[EXERCISE DATA — start]
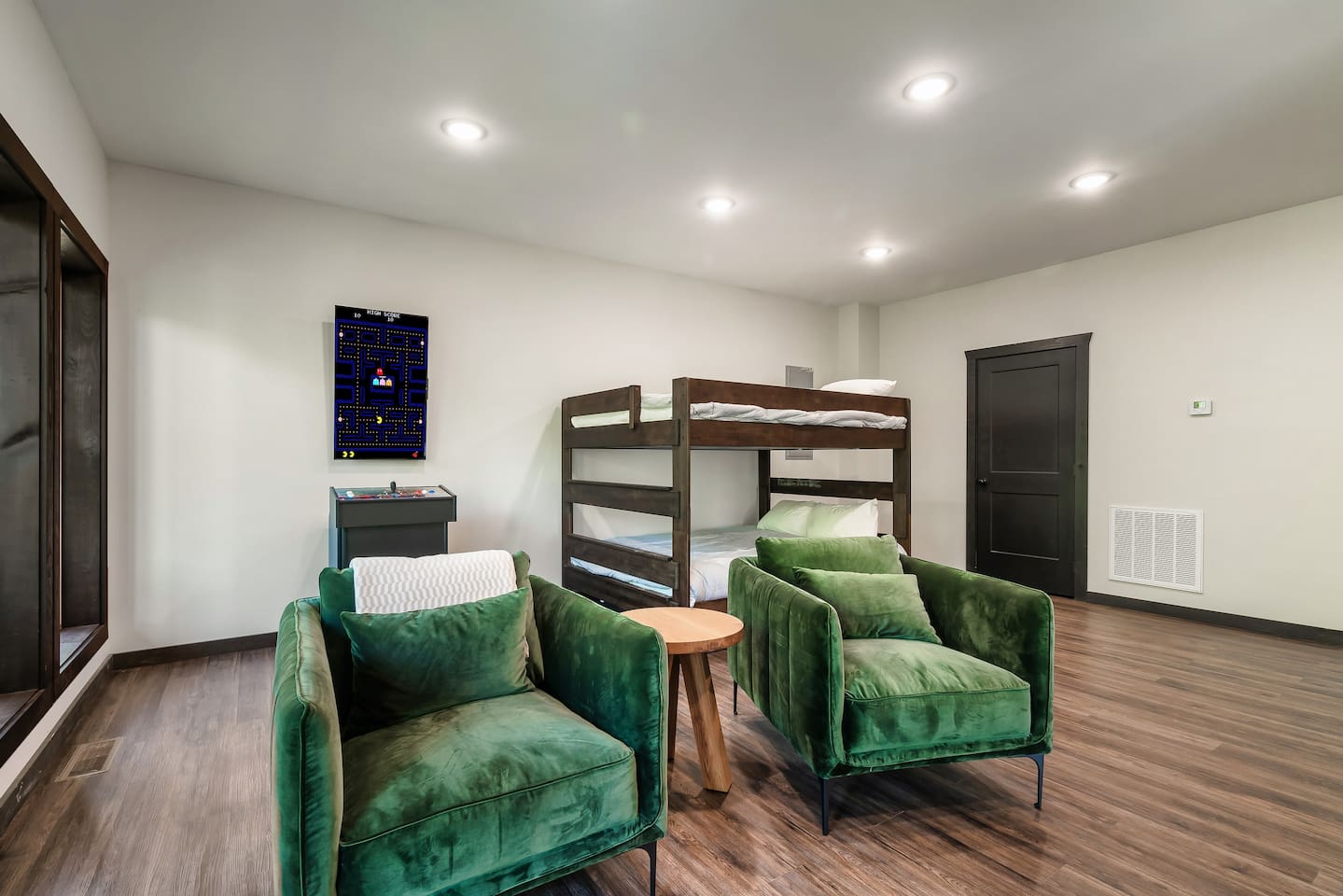 Fun bunk room with arcade game and cozy lounge seating.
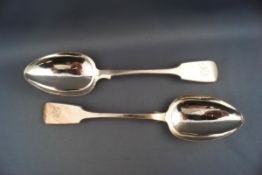 A pair of Victorian silver fiddle pattern tablespoons both engraved with the monogram "H J",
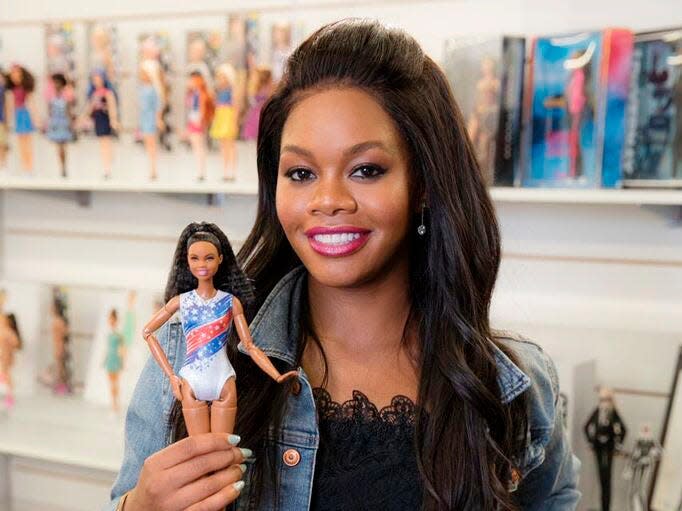 Gabby Douglas holds a Barbie version of herself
[EXERCISE DATA — finish]
Output the data above in full and exactly, with every image left out.

→ EXERCISE ANSWER
 Fun bunk room with arcade game and cozy lounge seating.
 A pair of Victorian silver fiddle pattern tablespoons both engraved with the monogram "H J",
 Gabby Douglas holds a Barbie version of herself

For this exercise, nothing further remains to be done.